▸ Provided records:
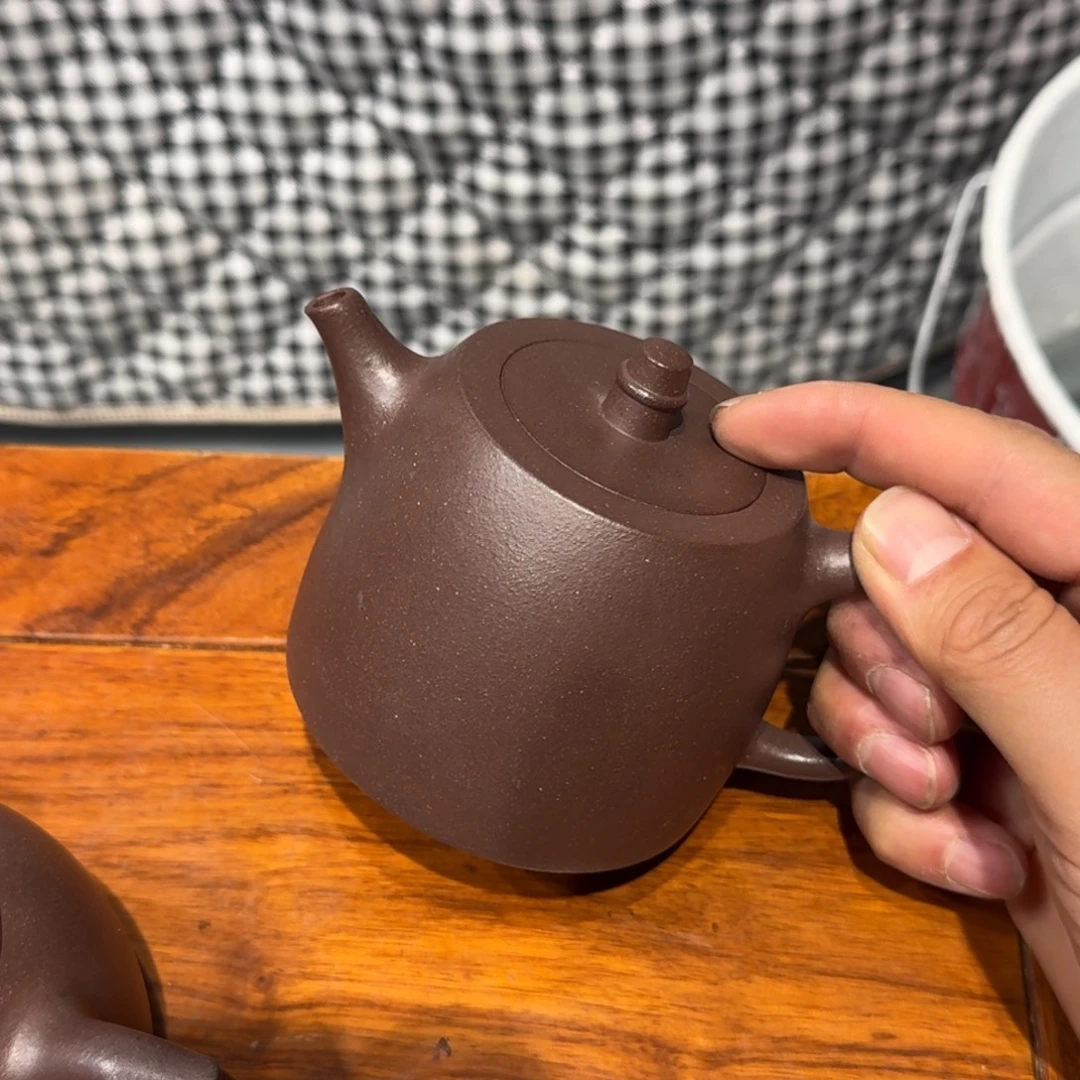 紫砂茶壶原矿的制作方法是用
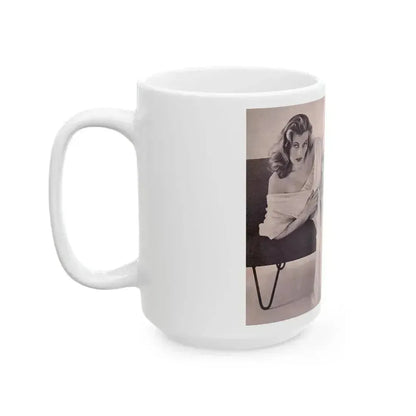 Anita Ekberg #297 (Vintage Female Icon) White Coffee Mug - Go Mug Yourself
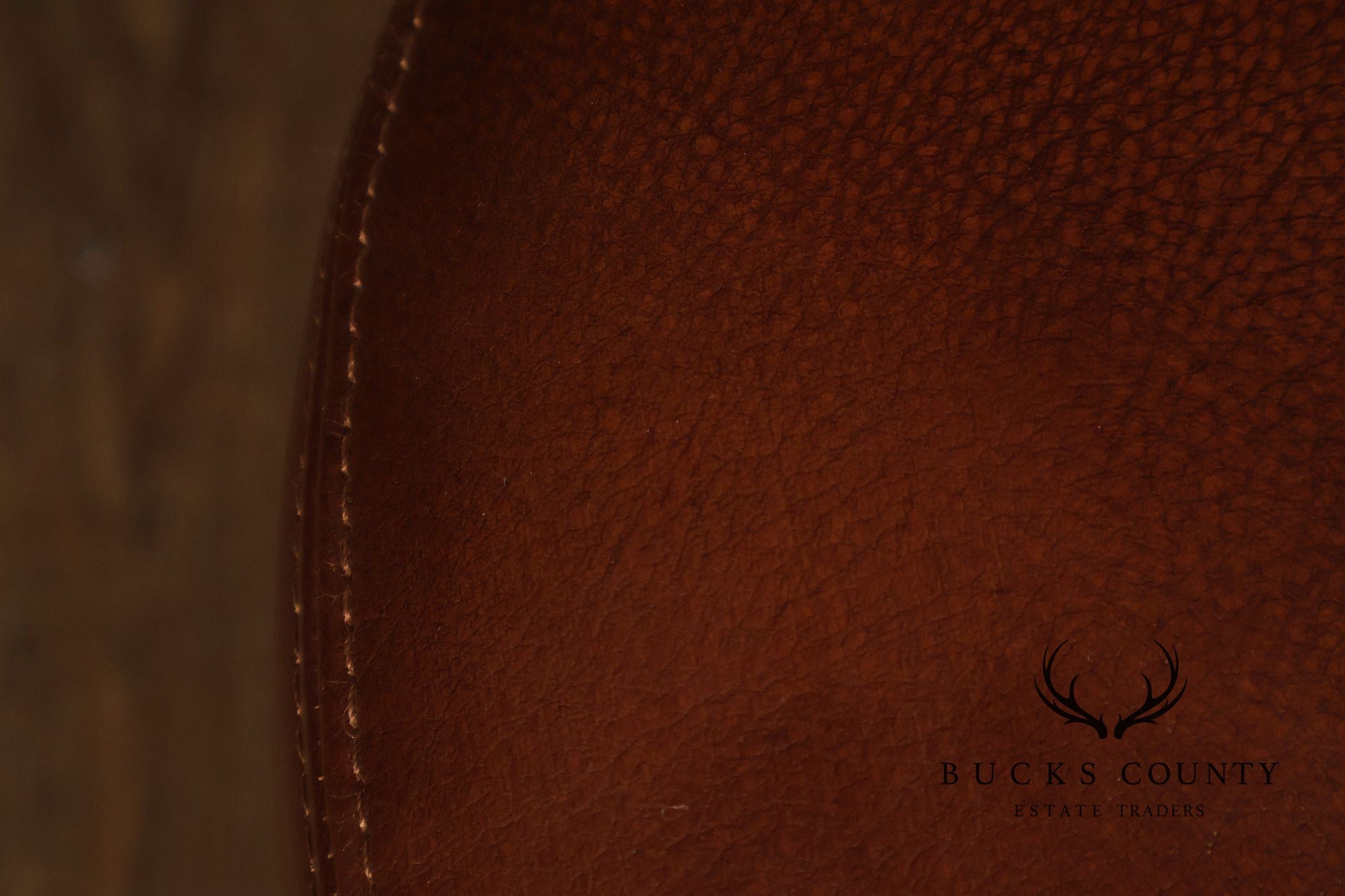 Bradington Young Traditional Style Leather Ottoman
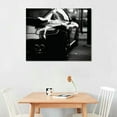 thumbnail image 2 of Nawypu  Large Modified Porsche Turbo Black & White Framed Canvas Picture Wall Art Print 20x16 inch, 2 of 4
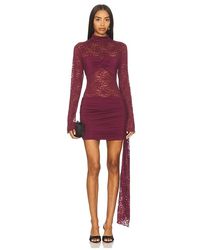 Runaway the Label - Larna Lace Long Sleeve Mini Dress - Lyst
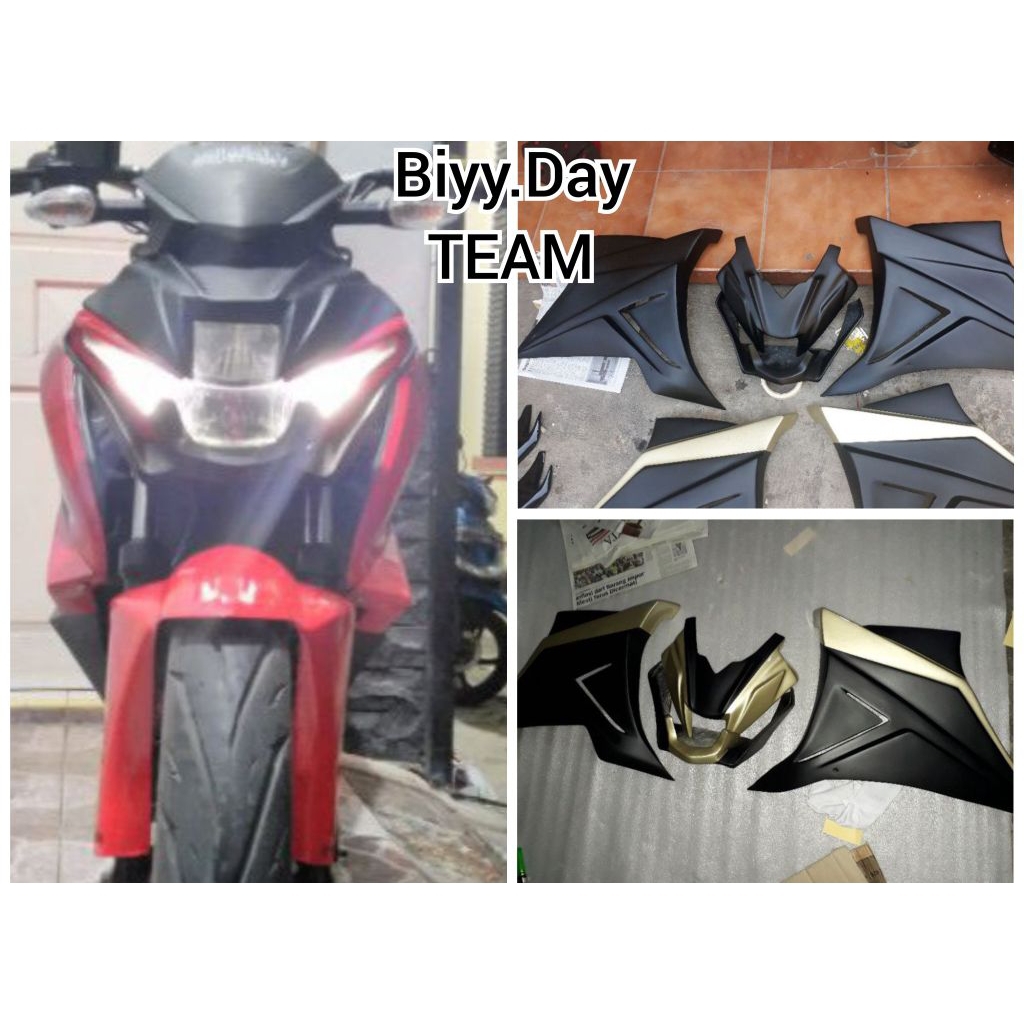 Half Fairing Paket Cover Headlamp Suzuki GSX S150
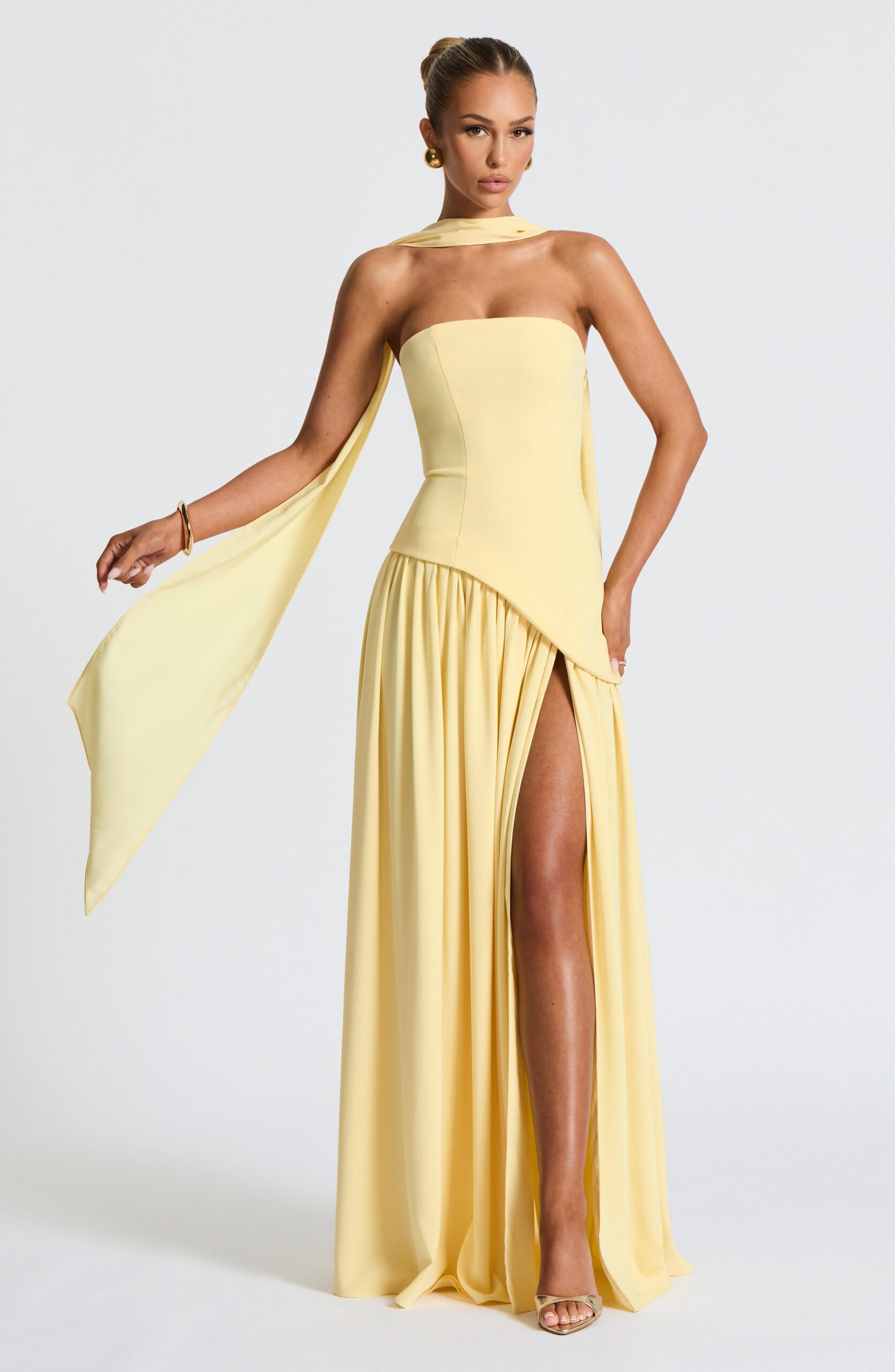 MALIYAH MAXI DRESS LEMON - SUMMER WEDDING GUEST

▸ What you have to do: Give back the full listing verbatim, skipping each picture.

▸ Answer box:
 紫砂茶壶原矿的制作方法是用
 Anita Ekberg #297 (Vintage Female Icon) White Coffee Mug - Go Mug Yourself
 Bradington Young Traditional Style Leather Ottoman
 thumbnail image 2 of Nawypu  Large Modified Porsche Turbo Black & White Framed Canvas Picture Wall Art Print 20x16 inch, 2 of 4
 Runaway the Label - Larna Lace Long Sleeve Mini Dress - Lyst
 Half Fairing Paket Cover Headlamp Suzuki GSX S150
 MALIYAH MAXI DRESS LEMON - SUMMER WEDDING GUEST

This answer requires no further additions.